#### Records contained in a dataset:

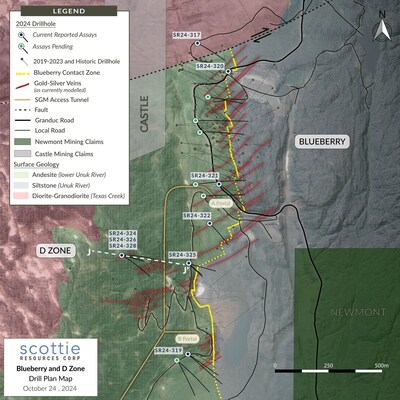 Figure 2: Overview plan view map of the Blueberry Contact Zone, illustrating the locations of the reported drill results, cross-section (Figure 5), and the distribution of the modelled sulphide-rich cross-structures. (CNW Group/Scottie Resources Corp.)
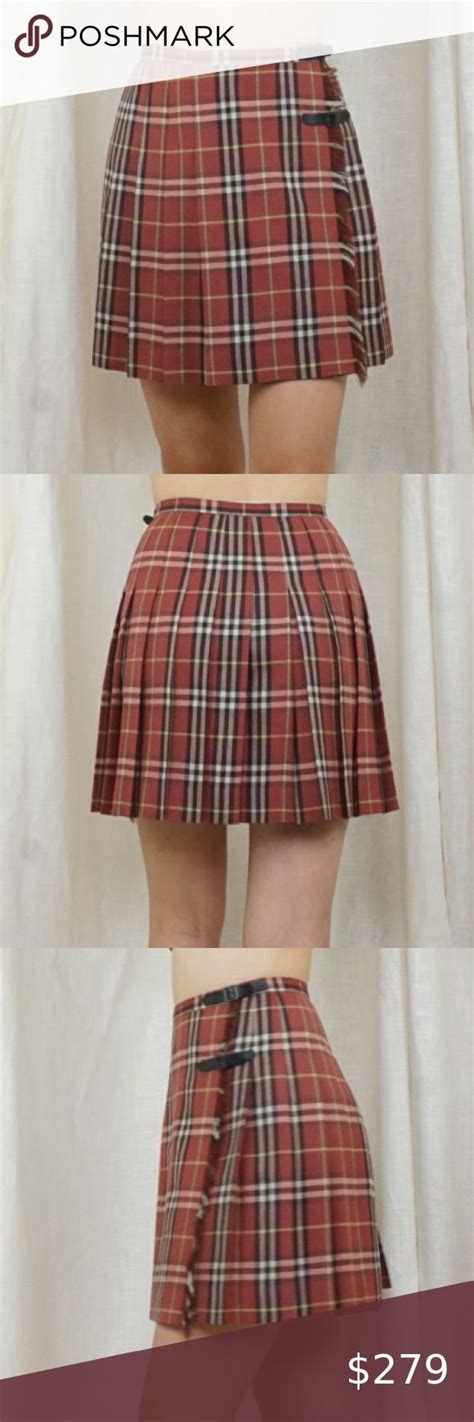 Burberry Check Wrap Mini Skirt With Fringe 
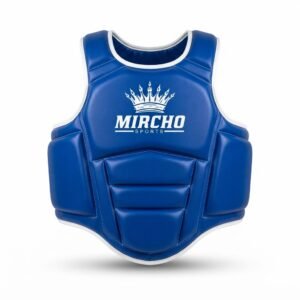 Blue and white boxing body protector showing front padding and adjustable back straps.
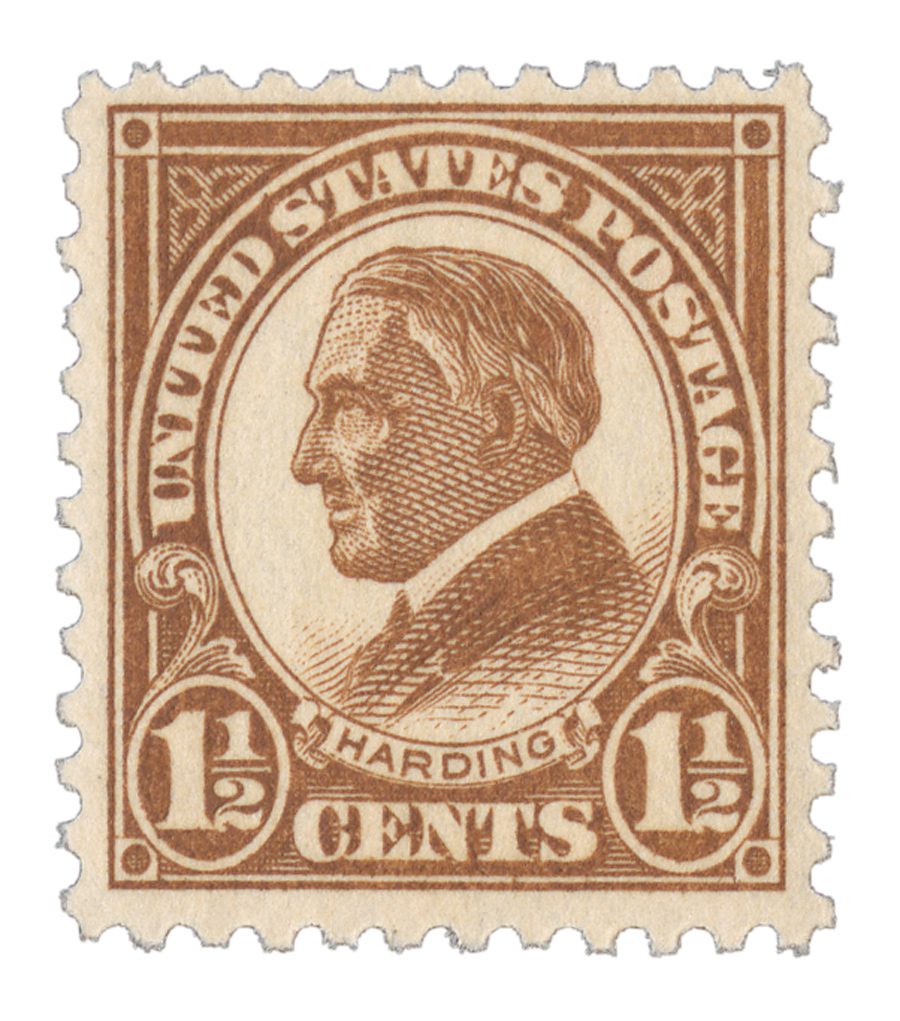 # 553 - 1925 1 1/2c Harding, yellow brown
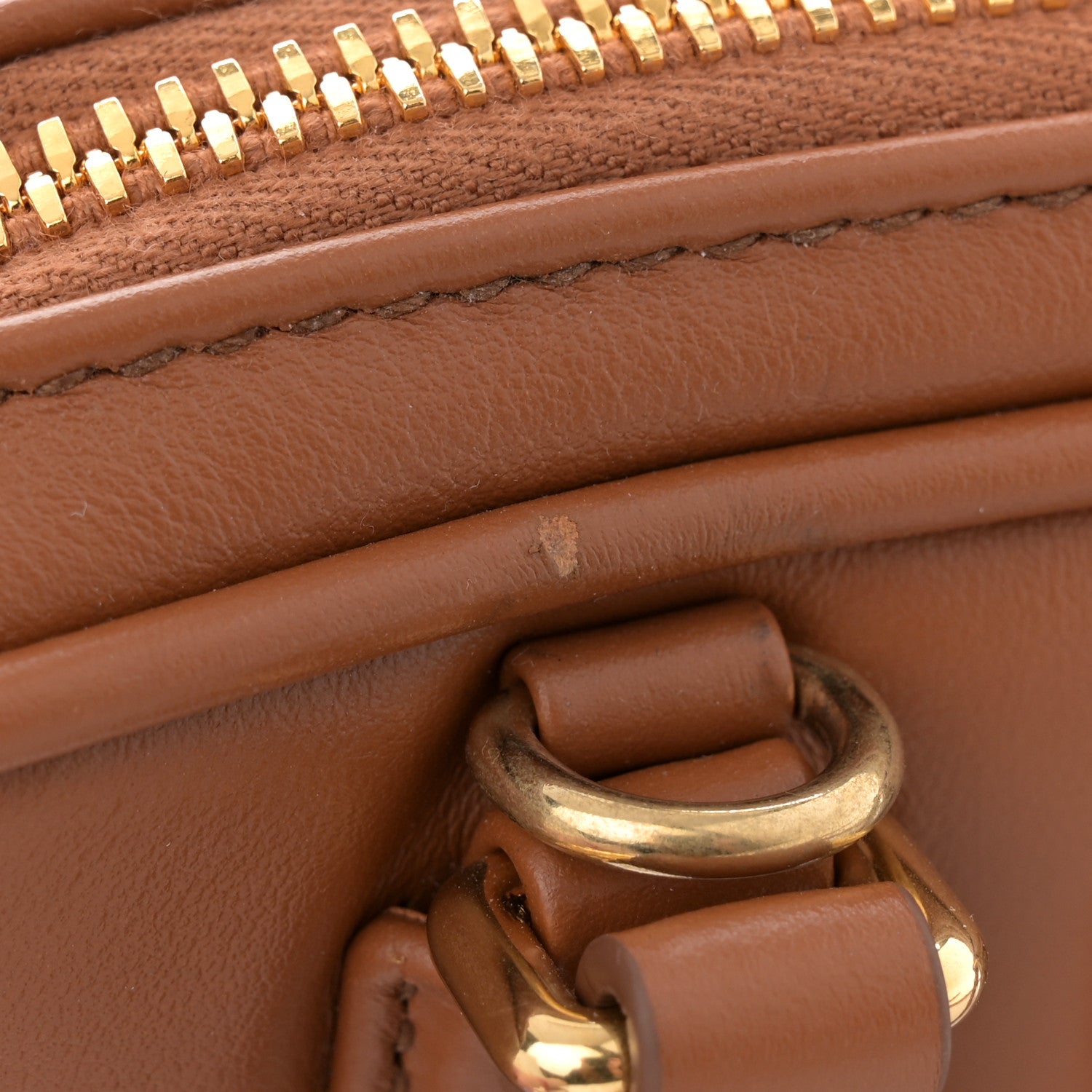 Miu Miu Calfskin Mini Arcadie Top Handle Bag Cognac 11 of 11
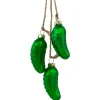 8.5" Matte Green Christmas Pickle Trio Cluster Ornament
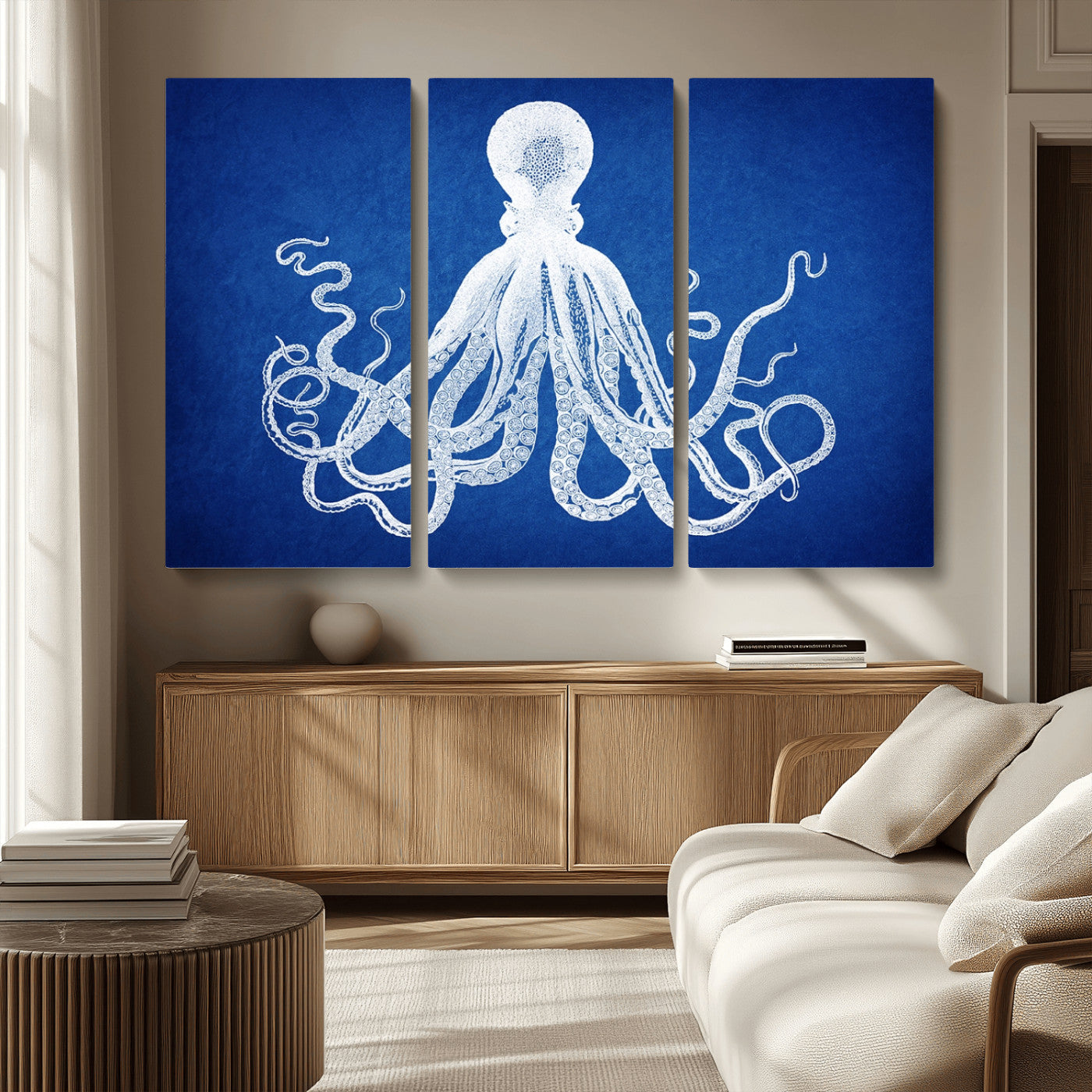 MGV-CV-48X32-3P - Large 3-Panel Blue Octopus Canvas Wall Art | Coastal Marine Life Artwork for Living Room, Bedroom,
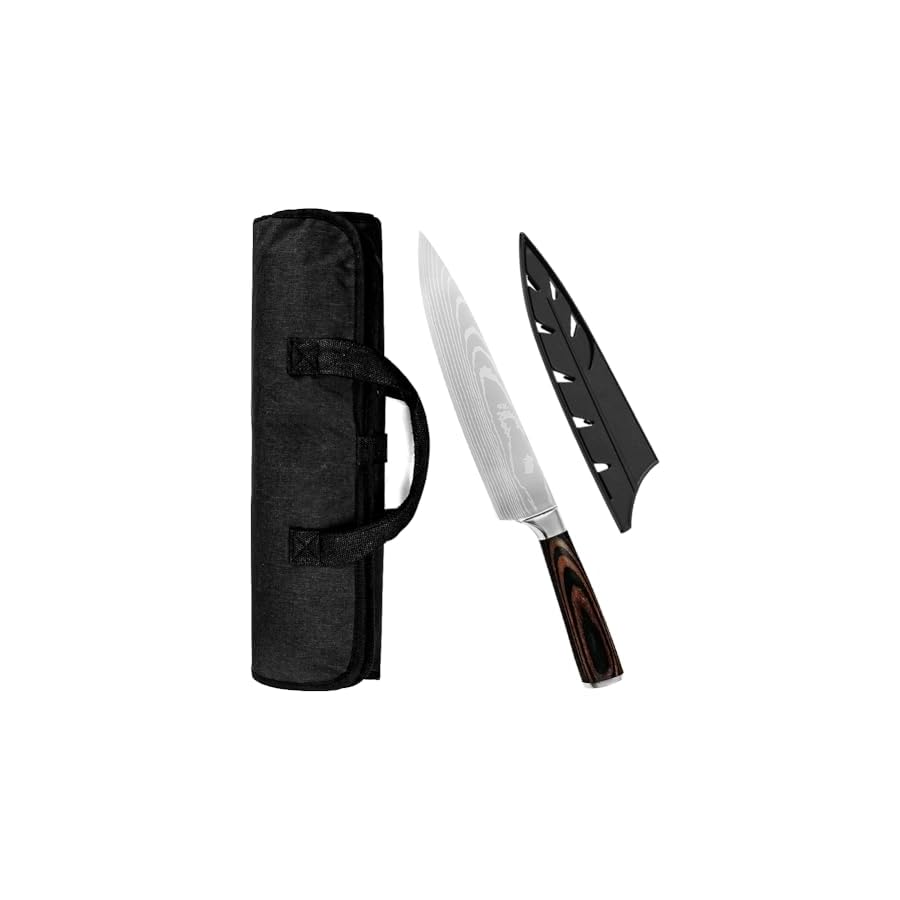 STEADY HOME™ Professional Chef Knife Set, 8 Pieces High Carbon Stainless Steel Masterchef Knives with Knife Sharpening Rod Roll Bag and More Kitchen Gadgets, Ultra Sharp Kitchen Knives Set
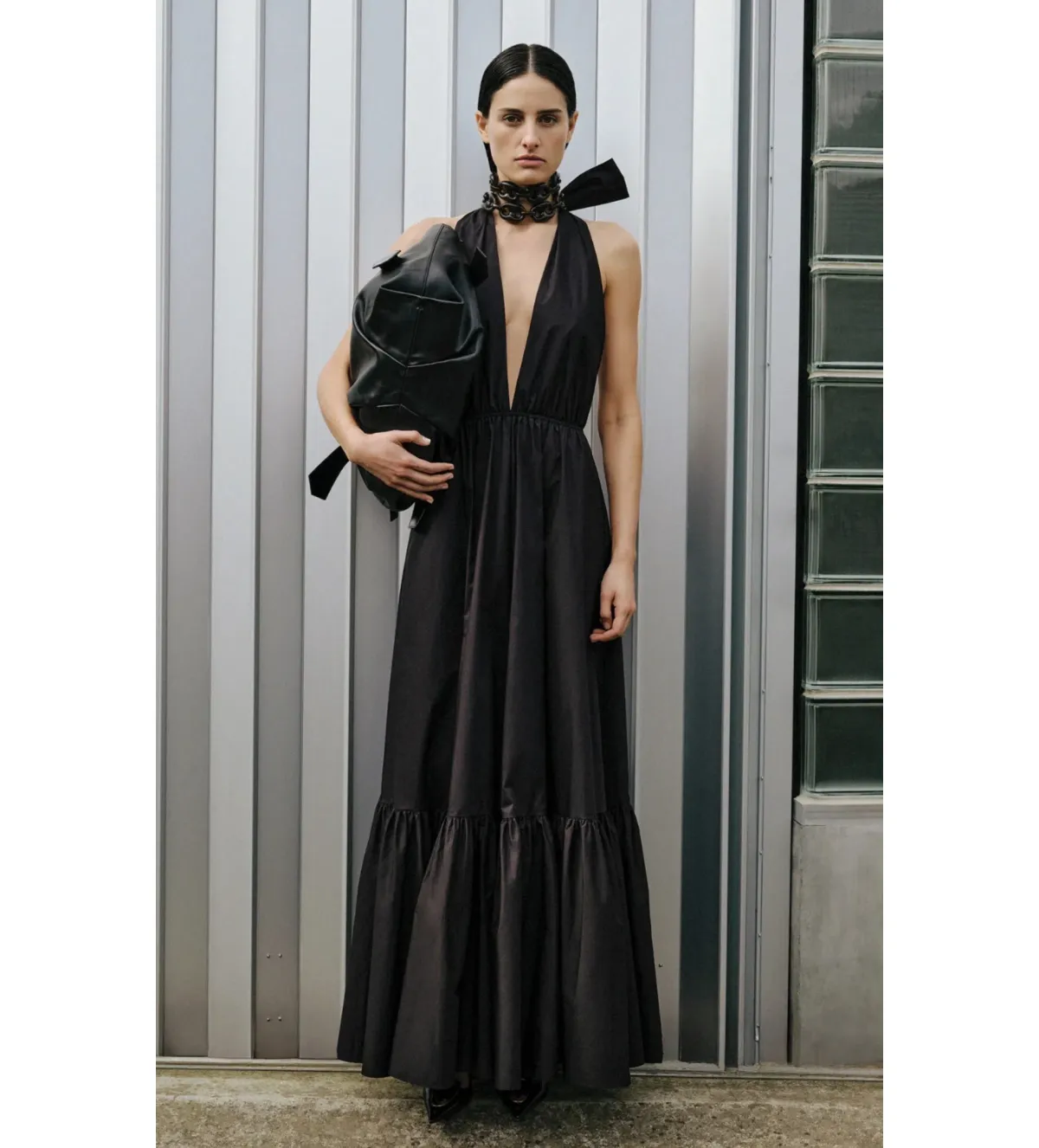 Scanlan Theodore Parachute Cotton Halter Maxi Dress Black Size 10 - Image 1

#### Prompt:
Working from the line containing "STEADY HOME™ Professional" to the last line of the data, retype every line exactly, both ends included, and leave out all pictures.

#### Task result:
 STEADY HOME™ Professional Chef Knife Set, 8 Pieces High Carbon Stainless Steel Masterchef Knives with Knife Sharpening Rod Roll Bag and More Kitchen Gadgets, Ultra Sharp Kitchen Knives Set
 Scanlan Theodore Parachute Cotton Halter Maxi Dress Black Size 10 - Image 1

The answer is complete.